As "forças de ocupação" dos
donos do Império, do Território
e do Dinheiro sobrepuseram-se
sempre aos interesses de vida da
maioria da população brasileira. Percorrendo os seus caminhos de dominação, ao longo
dos últimos dois séculos, podem
ser encontradas as razões da riqueza e da miséria da nação
brasileira.
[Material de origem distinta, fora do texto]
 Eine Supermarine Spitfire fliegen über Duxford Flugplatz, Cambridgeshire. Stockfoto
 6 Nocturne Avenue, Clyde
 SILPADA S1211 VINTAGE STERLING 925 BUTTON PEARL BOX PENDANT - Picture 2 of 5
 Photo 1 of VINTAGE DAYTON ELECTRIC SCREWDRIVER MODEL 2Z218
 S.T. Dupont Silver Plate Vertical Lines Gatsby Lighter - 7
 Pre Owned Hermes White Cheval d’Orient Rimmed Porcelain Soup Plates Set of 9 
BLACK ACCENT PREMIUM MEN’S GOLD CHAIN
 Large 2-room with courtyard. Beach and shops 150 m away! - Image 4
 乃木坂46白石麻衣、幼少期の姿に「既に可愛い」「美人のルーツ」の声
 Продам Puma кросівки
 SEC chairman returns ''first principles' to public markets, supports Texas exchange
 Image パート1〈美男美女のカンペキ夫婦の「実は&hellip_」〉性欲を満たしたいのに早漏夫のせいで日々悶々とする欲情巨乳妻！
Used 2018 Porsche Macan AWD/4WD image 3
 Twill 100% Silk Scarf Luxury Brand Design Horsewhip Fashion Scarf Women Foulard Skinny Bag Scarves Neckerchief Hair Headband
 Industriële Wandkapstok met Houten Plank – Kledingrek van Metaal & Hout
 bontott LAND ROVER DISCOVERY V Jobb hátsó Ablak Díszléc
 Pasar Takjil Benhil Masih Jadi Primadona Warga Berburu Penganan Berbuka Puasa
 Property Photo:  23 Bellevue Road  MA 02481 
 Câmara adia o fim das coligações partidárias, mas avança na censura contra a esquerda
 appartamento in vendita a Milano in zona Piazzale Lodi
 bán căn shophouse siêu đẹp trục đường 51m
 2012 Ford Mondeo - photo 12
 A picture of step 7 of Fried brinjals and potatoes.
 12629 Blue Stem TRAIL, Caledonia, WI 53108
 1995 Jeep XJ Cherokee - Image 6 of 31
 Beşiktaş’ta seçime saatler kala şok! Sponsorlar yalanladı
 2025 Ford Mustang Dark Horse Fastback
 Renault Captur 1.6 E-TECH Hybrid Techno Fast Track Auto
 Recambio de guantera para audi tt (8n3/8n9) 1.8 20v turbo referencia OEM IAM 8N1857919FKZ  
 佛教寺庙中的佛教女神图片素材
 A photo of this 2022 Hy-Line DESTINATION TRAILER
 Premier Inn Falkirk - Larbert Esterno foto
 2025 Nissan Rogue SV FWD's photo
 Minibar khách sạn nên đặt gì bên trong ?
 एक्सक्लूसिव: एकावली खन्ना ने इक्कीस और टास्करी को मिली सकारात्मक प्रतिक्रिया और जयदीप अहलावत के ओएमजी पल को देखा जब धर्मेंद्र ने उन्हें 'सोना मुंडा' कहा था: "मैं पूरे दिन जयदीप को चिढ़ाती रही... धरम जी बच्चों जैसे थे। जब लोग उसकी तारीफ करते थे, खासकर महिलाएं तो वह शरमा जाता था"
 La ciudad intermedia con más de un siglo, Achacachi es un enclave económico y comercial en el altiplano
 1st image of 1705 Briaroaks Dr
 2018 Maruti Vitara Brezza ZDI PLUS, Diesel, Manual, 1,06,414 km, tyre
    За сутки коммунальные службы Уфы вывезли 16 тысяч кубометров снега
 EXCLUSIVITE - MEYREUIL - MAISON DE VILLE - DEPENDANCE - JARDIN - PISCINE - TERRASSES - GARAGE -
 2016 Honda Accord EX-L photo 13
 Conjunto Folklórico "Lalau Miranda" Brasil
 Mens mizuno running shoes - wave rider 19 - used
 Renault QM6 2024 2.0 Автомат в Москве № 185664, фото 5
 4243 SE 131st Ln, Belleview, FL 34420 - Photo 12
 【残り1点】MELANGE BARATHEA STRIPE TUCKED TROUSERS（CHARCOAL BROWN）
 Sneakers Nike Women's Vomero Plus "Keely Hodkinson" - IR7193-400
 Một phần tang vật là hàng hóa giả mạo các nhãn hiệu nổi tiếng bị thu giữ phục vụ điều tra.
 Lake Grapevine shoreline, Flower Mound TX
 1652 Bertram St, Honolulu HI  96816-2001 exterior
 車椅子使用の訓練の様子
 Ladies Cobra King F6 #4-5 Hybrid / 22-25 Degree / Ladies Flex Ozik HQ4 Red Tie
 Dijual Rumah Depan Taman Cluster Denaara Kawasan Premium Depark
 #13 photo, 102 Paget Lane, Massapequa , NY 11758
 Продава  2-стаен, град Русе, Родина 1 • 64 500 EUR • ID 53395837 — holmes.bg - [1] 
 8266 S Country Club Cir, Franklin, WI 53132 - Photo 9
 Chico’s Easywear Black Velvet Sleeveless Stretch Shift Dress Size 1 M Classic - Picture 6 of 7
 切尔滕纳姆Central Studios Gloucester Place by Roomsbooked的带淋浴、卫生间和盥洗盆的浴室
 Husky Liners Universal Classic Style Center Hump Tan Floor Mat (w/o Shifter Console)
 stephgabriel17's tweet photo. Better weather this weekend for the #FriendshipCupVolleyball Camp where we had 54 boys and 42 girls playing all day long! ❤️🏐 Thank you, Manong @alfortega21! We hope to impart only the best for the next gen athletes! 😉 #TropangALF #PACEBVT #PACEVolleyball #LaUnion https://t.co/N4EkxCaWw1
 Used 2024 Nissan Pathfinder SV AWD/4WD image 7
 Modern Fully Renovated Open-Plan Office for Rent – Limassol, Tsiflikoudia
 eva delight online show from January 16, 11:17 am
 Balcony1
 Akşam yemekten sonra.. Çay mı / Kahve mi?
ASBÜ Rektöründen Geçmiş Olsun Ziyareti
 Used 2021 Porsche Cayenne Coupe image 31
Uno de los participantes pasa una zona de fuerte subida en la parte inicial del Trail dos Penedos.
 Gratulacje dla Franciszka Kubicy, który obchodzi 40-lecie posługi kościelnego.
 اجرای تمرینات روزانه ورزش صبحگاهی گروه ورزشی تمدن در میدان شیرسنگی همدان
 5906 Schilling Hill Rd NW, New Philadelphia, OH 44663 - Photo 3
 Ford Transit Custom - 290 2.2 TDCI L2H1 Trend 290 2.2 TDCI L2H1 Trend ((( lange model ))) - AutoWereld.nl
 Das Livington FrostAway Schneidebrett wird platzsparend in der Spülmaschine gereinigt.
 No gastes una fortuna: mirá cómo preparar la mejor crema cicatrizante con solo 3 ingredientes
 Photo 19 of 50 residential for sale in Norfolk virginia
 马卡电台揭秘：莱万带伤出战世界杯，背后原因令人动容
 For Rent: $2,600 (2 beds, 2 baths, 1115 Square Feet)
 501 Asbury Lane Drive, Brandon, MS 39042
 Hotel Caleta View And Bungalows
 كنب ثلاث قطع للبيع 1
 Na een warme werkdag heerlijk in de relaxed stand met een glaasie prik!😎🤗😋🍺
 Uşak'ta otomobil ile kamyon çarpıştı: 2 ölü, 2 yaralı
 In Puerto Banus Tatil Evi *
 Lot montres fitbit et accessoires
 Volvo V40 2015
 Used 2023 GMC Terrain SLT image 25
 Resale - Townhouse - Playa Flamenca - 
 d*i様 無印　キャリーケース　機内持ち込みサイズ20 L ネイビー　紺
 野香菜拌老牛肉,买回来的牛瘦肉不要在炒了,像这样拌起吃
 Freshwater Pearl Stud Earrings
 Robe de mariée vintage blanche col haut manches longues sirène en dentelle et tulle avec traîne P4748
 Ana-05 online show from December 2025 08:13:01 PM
É por isso que as bandeiras da emancipação nacional, da democracia e da justiça
social continuam, hoje como ontem, a ser bandeiras esfarrapadas por sucessivas derrotas.
No entanto, essas bandeiras
emancipatórias são indissociáveis e, enquanto não se tornarem uma ideologia hegemônica
e consciente da maioria da sociedade nos sucessivos embates
das lutas populares, não será
possível mudar o significado
histórico de um projeto de desenvolvimento para o futuro.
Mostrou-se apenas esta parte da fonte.